Robin Hanson a few years back on innovations and economic growth:

The truth is that the artistic creations or intellectual insights we most admire for their striking “creativity” matter little for economic growth. Instead, most of the innovations that matter are the tiny changes we constantly make to the millions of procedures and methods we use. And changing these procedures does not require free-spirited self-expression. Instead, it is quite natural for people to constantly think about tiny changes to their procedures as they follow those procedures. In fact, we imagine far more such changes than we can afford to pursue.

Christopher Hitchens being interviewed about his memoir:

There are still people who want to criminalize homosexuality one way or another, and I thought it might be useful if more heterosexual men admitted that they are a little bit gay, as is everyone, and that homosexuality is a form of love and not just sex.
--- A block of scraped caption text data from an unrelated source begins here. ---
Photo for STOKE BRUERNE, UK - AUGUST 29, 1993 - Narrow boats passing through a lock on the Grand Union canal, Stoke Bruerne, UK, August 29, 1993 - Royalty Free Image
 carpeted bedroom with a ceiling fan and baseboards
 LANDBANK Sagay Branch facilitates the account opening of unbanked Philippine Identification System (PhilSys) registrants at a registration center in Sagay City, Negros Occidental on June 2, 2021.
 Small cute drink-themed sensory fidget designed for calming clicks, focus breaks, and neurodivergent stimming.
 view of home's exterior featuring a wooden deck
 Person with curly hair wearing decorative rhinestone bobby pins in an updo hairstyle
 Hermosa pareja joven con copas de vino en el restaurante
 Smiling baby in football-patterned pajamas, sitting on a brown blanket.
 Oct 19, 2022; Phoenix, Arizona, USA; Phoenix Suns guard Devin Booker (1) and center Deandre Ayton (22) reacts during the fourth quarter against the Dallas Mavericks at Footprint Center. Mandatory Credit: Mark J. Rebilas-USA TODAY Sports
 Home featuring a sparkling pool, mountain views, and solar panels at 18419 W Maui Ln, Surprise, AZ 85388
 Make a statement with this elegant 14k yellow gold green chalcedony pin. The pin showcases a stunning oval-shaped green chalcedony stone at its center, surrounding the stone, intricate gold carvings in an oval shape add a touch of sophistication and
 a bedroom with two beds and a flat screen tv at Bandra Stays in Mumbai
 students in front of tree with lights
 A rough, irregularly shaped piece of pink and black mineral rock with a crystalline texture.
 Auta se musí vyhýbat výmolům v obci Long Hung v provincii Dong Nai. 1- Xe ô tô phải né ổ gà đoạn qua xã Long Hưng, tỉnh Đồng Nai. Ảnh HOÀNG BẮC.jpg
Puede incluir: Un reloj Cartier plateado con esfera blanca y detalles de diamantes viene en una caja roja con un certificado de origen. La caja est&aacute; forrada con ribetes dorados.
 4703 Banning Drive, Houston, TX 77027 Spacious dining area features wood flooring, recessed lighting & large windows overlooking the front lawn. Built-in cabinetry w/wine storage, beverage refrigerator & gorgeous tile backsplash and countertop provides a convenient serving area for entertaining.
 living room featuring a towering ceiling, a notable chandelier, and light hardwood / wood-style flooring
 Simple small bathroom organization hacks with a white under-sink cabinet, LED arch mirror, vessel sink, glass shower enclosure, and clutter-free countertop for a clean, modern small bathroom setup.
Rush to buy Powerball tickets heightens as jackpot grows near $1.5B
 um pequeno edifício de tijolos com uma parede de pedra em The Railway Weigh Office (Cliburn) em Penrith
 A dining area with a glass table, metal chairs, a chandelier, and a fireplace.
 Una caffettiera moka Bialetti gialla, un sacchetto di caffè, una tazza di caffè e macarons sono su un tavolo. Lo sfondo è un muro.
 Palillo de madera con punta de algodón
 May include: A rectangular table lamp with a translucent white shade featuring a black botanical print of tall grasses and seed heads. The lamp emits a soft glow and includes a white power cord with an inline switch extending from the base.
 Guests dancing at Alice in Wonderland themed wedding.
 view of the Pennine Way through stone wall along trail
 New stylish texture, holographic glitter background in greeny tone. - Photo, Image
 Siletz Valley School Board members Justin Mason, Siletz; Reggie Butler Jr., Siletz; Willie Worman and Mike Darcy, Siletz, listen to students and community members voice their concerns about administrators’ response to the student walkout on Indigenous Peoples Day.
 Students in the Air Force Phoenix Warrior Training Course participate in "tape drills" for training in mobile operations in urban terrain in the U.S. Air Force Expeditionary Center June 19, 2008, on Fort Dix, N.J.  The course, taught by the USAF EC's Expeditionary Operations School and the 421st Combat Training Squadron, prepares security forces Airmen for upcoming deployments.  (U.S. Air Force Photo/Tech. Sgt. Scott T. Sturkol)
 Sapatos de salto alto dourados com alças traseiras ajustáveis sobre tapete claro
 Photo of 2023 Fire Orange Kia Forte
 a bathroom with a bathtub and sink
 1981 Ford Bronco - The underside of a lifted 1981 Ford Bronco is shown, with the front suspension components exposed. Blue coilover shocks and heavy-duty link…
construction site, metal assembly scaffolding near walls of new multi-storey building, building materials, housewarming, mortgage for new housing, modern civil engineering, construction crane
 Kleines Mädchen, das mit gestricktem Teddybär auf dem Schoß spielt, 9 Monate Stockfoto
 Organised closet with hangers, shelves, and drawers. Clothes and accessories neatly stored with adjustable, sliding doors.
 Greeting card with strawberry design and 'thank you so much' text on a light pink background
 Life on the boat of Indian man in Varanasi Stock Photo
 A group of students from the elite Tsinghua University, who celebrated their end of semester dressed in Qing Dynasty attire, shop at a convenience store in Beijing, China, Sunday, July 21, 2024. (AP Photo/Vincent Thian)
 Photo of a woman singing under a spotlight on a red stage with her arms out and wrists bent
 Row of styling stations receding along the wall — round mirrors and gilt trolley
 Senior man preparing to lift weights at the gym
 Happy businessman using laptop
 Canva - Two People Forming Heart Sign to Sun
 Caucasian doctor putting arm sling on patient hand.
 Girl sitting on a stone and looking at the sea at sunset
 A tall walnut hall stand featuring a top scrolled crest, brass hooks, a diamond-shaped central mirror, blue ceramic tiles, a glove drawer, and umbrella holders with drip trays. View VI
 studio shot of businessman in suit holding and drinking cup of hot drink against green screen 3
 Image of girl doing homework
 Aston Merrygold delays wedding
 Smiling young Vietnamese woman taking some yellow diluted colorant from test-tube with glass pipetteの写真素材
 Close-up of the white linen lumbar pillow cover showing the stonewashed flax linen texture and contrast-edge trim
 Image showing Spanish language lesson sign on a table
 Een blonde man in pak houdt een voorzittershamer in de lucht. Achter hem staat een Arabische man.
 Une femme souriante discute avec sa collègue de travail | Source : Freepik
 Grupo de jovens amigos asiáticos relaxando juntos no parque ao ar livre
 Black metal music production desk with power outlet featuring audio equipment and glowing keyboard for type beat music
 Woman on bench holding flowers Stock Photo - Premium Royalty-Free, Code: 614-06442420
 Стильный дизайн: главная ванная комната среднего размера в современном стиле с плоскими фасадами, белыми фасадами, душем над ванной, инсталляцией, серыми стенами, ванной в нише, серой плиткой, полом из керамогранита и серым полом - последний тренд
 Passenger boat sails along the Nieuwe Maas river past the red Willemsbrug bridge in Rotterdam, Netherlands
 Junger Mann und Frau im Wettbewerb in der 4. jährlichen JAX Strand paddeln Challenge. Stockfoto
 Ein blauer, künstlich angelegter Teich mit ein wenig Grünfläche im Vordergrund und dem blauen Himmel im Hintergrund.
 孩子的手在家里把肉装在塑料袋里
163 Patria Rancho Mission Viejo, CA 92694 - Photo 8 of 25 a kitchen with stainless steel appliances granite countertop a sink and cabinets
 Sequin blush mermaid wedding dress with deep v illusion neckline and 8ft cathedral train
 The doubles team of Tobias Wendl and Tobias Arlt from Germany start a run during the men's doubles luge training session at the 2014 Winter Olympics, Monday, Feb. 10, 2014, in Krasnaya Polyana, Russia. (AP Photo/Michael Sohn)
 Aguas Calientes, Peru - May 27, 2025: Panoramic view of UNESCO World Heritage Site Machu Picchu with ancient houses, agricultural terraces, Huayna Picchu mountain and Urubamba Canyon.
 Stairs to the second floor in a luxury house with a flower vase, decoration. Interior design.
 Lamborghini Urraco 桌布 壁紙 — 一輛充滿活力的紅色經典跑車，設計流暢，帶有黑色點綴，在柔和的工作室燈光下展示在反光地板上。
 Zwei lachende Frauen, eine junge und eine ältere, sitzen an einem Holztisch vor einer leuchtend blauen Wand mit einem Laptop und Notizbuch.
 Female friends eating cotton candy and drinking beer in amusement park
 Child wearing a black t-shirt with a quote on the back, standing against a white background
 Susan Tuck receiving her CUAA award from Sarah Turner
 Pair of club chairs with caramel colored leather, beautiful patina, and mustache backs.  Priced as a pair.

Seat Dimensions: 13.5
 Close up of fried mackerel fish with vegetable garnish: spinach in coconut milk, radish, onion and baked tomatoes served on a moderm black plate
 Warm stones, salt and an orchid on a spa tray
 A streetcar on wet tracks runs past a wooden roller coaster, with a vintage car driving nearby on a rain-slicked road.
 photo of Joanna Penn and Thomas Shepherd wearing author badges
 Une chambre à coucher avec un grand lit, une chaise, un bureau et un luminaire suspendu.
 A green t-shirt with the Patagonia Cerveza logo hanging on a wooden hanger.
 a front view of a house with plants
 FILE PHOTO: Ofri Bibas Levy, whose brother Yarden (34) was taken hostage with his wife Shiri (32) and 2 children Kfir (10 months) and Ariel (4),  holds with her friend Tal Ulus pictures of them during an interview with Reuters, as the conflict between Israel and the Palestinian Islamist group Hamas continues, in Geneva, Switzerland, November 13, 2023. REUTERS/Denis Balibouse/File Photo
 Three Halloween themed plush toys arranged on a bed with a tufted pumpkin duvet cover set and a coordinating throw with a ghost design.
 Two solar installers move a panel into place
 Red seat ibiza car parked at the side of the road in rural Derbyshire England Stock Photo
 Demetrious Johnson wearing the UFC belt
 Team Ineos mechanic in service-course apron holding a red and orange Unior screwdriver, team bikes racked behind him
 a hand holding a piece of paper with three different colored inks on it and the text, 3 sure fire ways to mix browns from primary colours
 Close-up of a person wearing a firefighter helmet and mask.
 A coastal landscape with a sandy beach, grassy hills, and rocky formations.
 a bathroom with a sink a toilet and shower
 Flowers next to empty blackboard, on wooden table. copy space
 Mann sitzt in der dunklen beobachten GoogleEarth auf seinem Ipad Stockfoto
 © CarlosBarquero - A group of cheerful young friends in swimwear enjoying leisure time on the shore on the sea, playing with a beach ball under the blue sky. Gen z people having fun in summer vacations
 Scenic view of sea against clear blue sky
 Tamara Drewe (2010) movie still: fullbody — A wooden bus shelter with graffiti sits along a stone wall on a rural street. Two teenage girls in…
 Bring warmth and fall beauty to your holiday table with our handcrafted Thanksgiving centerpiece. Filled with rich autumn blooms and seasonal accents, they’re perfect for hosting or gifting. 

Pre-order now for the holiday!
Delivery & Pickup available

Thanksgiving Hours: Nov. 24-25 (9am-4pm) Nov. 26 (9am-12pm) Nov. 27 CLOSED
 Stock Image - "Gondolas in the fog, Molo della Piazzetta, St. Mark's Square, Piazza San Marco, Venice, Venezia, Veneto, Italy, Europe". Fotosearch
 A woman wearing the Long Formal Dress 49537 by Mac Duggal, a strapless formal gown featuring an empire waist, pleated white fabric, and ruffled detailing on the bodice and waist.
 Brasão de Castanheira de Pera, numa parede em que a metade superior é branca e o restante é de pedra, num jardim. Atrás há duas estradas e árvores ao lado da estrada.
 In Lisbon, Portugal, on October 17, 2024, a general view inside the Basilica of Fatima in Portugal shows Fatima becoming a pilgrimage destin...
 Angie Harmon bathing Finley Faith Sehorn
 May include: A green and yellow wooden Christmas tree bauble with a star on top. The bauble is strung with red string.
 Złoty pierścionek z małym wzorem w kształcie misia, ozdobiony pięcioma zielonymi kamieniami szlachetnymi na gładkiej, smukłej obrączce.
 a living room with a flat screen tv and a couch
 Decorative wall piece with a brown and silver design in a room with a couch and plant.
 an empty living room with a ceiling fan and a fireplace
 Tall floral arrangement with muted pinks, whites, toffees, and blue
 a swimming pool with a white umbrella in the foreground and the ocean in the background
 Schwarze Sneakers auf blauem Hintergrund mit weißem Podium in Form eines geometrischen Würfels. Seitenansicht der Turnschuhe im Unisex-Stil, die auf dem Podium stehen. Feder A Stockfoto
The close of a piece on how the Thailand riots have affected the country's notorious sex trade:

At about midnight, an adorable little girl who looks like she might be about 6 years old comes into the bar selling flowers. "Where else in the world," says Terry, "could I give that girl 1,000 baht, take her outside and do whatever I wanted to her?"

On the authenticity of Ron Artest:

We love Ron Artest because he's real. Not just as a hip-hop cliche—unapologetic, unflinching loyalty to his roots—but as an authentic, honest-to-God example of human complexity. Against a backdrop of cardboard cutouts in jerseys and shorts, Artest gives us three dimensions.